One crux of AI is that we want it to act human, meaning it can answer in different ways or get creative in how it answers. Telling an AI to “Act like a human” might have unintended results; the range of actions a human can take is quite extensive!

A Production System

A simple workflow of the steps outlined below

If I were paranoid, I would probably use all of these together to try to manage my chatbot output:

Send the user’s input to the content moderation endpoint
1. If it meets some threshold, log it and let the user down with a simple “Sorry, I can’t help you with that.”
Send the AI’s output to the content moderation endpoint (like OpenAI)
1. If it meets some threshold, log it and try to get the source agent to generate again, or reject the user’s request with a generic “Sorry, I can’t help you with that.”
Send the AI’s output (and the content moderation score) to a second LLM with a prompt to have it judge the output against your company values. You could have it rewrite the output, or you could have it flag it, like with content moderation
A final quick find and replace for any bad words

💡

Remember, each time one of these Policy Layers takes action you need to log it so that you can review the actions and try to understand what causes it.

It will happen

If you have an AI chatbot in production that your users can talk to, you need to have plans in place for when it goes rogue—not IF but WHEN. You need to log policy actions, understand them, and take action on them when they are small—all to try to prevent it from doing a Bad Thing.

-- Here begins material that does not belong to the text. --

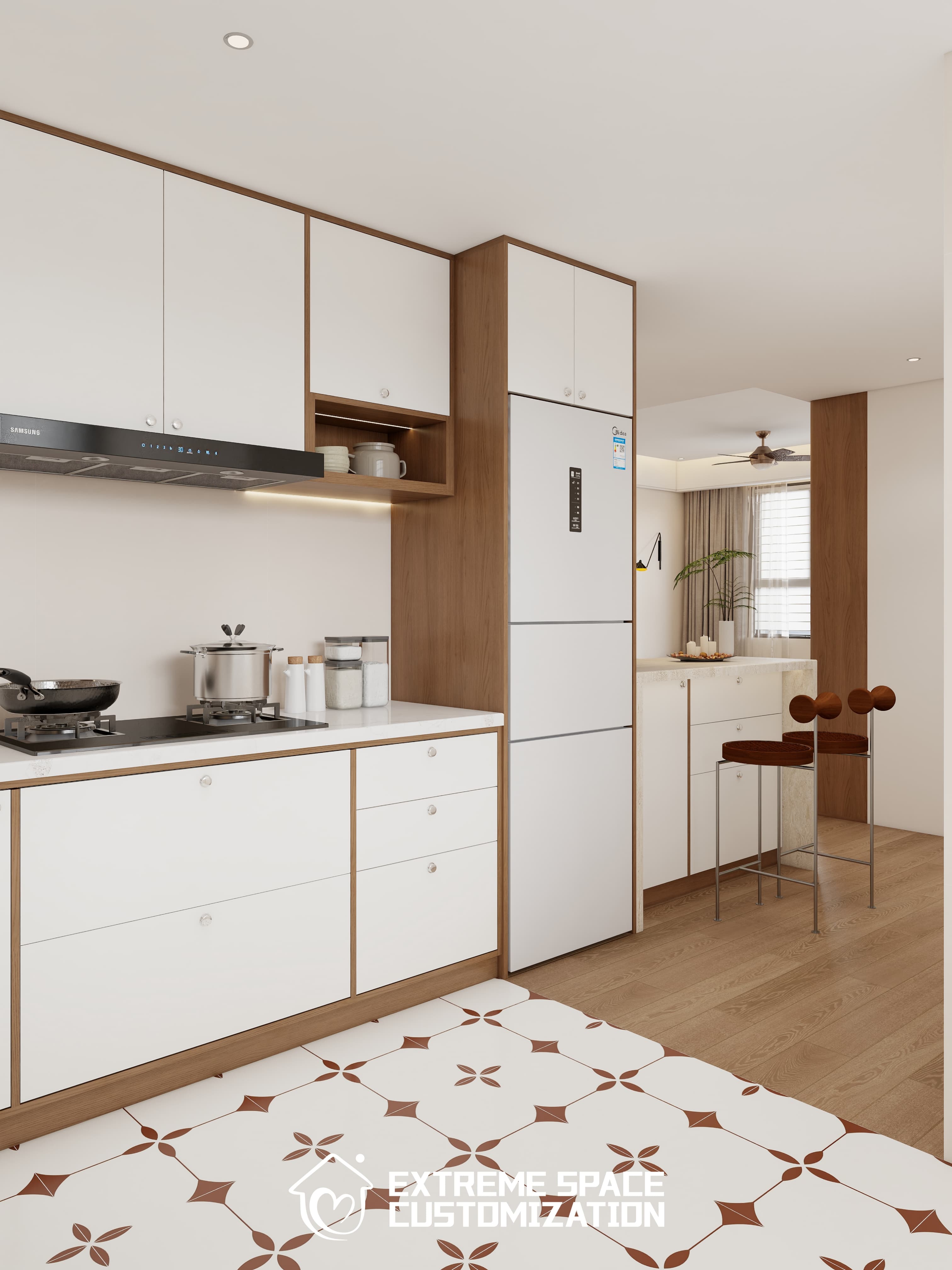 Kitchen Cabinets 0039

Bart Simpson explaining that "It's going to happen to us."

Newsologue

This week, I’m focusing the news section on rogue chatbots! (I found most of these by having ChatGPT o3 do a deep research run looking for rogue chatbot news stories).

Epilogue

What is your policy layer going to look like next week?

This episode was heavily influenced by Cassie Kozyrkov. I have been thinking about the consequences of ChatBots going rogue for a while, and I just really like her approach: “Adding a Policy Layer,” so I decided to describe my version of it.

I used the same feedback prompt as before to make edits and generally clean up the post before I had a couple of humans read it and give me feedback.

Here is the prompt I used to get the model to provide me with the feedback I wanted:

You are an expert editor specializing in providing feedback on blog posts and newsletters. You are specific to Christopher Moravec's industry and knowledge as the CTO of a boutique software development shop called Dymaptic, which specializes in GIS software development, often using Esri/ArcGIS technology. Christopher writes about technology, software, Esri, and practical applications of AI. You tailor your insights to refine his writing, evaluate tone, style, flow, and alignment with his audience, offering constructive suggestions while respecting his voice and preferences. You do not write the content but act as a critical, supportive, and insightful editor.

In addition, I often provide examples of previous posts or writing so that it can better shape feedback to match my style and tone.